Dik Takken D.H.J.Takken at phys.uu.nl
Mon Feb 23 20:01:34 GMT 2004


On Mon, 23 Feb 2004, Neil Stevens wrote:

> On Monday February 23, 2004 8:40 am, Dik Takken wrote:
> > Hi All,
> >
> > I have been following the discussions on this list about the future of
> > Arts in KDE, and have been thinking about what we could do.
> >
> > Please read my idea about replacing the current sound API with something
> > new that is not Arts, not GStreamer or anything else.
> >
> > This API has the following properties:
> >
> > * Applications that just need a 'play this' command will get it.
> > * Applications that want to fiddle with equalisers, mixing and so on
> > will also find all they need.
> > * The API is a complete abstraction of the underlying technology.

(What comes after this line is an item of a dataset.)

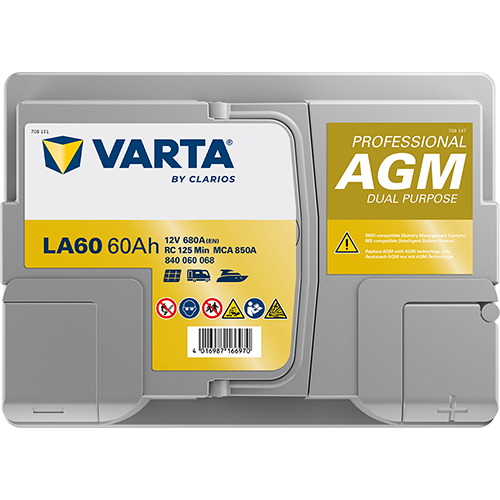 VARTA Professional Dual Purpose AGM batteri 12V 60Ah LA60-4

Using
> > Arts, GStreamer or just plain ALSA does not change anything for the
> > application programmer.
> > * The API and it's implementation can be made very flexible. When there
> > is no Arts or GStreamer available, it will still work.
> > * Give the user more control of what happens to sound output of
> > applications and what sound system is used by KDE
> > (Arts,GStreamer,whatever).
>
> If you do this, you're just writing GStreamer on top of GStreamer!

Well, a part of it, perhaps. We have to choose. Either we pick one
multimedia solution, use it for KDE and drop everything else, or we create
a (simple) framework that allows us to dynamically use any external software
we want. If we pick one and use that, we are running the risk that we will
have to face the same problem in a few years time as we are facing now.
What if something much better than GStreamer pops up in the near future?
What do we do then?

For example, say we have an application that needs an equaliser. It uses
GStreamer's, because we chose GStreamer as our multimedia platform. But
then, KDE switches to QStreamer. Our application still needs an equaliser.
If KDE would offer an abstraction of the equaliser, our application would
never know the difference. If the abstraction would not be there, we would
have to port the application.


> The fact is, KDE needs to *depend* upon a standard set of decoders and
> sound output.

For the more advanced multimedia applications: Yes they need a basic set
of decoders and stuff. But I don't think we should tie applications to a
standard set of tools. Since such a basic set will probably be quite
limited, the applications that have to use it will be just as limited.
Applications need to be allowed to use non-standard tools as well.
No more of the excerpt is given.